このうち、羽州川通絵図 自米沢正部最上左沢(山形県立博物館蔵)、松川舟運図屏風(公益財団法人宮坂考古館蔵)、最上川谷地押切渡より柏沢迄絵図(公益財団法人致道博物館蔵)の3点は、県指定有形文化財となっています。
最上川川絵図一覧
① 須川・最上川絵図(山形県立博物館蔵)
② 羽州川通絵図 自米沢正部最上左沢(山形県立博物館蔵)【県指定有形文化財】
③ 最上川通船卸定目并運賃作法書留(山形県立博物館蔵)
④ 最上川絵図(最上徳内記念館蔵)
⑤ 最上川絵図(個人蔵)
⑥ 最上川舟運絵図(個人蔵)
⑦ 松川舟運図屏風(公益財団法人宮坂考古館蔵)【県指定有形文化財】
⑧ 自左沢至酒田 最上川絵図(河北町教育委員会蔵)
⑨ 最上川通船案内書(大石田町立歴史民俗資料館蔵)
⑩ 最上川川通絵図(大郷歴史保存会蔵)
⑪ 最上川谷地押切渡より柏沢迄絵図(公益財団法人致道博物館蔵)【県指定有形文化財】
⑫ 最上川川絵図(山辺町ふるさと資料館蔵)
⑬ 最上川川絵図(個人蔵)
⑭ 最上川川通絵図(個人蔵)
最上川の川絵図には、船の通り道として川の様子が描かれ、特に難所の岩、瀬、淵などは詳細に描かれ、名前が記され ているものもあります。

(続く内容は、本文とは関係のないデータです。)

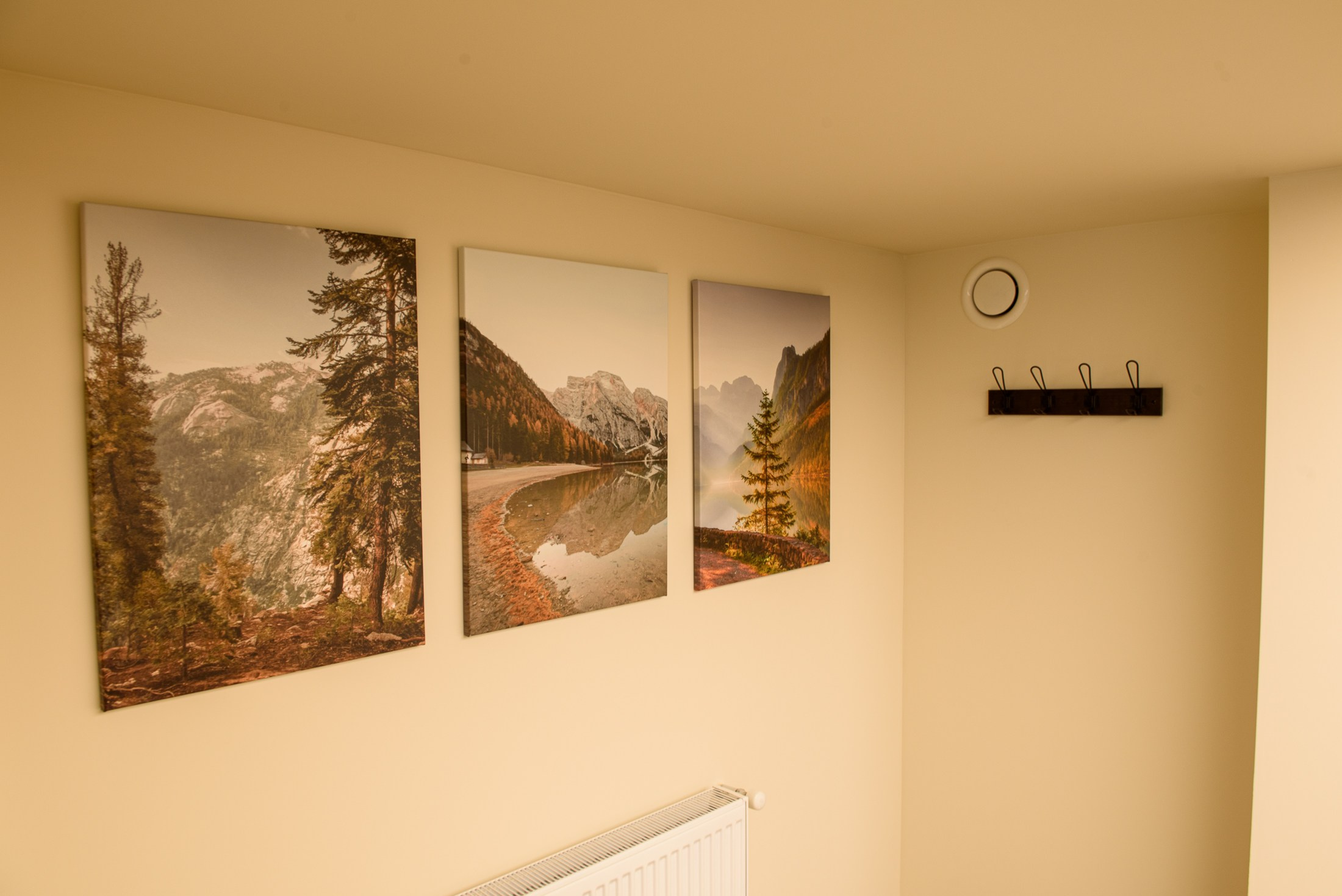 Інтер'єрна фотографія, інтер'єрний фотограф Чернівці, фото для закладу. Предметний фотограф Чернівці для інтернет магазину, сайту, каталогу, контент для бізнесу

また、周囲の村々が描かれているものや、川を上り下りする船や人々の姿が描かれているものも多くあり、川絵図は、最上川舟運を知るうえで文字資料と並んで貴重な資料と言えます。同様の川絵図は、北上川(岩手県、宮城県)、阿武隈川(福島県、宮城県)、富士川(長野県、山梨県、静岡県)で確認されています。
形状別に見ると、巻物が一般的で、右側を上流、東側を下流として描いているため、上が右岸、下が左岸となります。
川絵図の依頼者や製作者等が明らかになっていないものもありますが、流域の藩や商人に関係すると考えられます。
最上川では、川絵図に描かれた川や難所の様子、そして周辺の風景を現在でも同じように見ることができます 。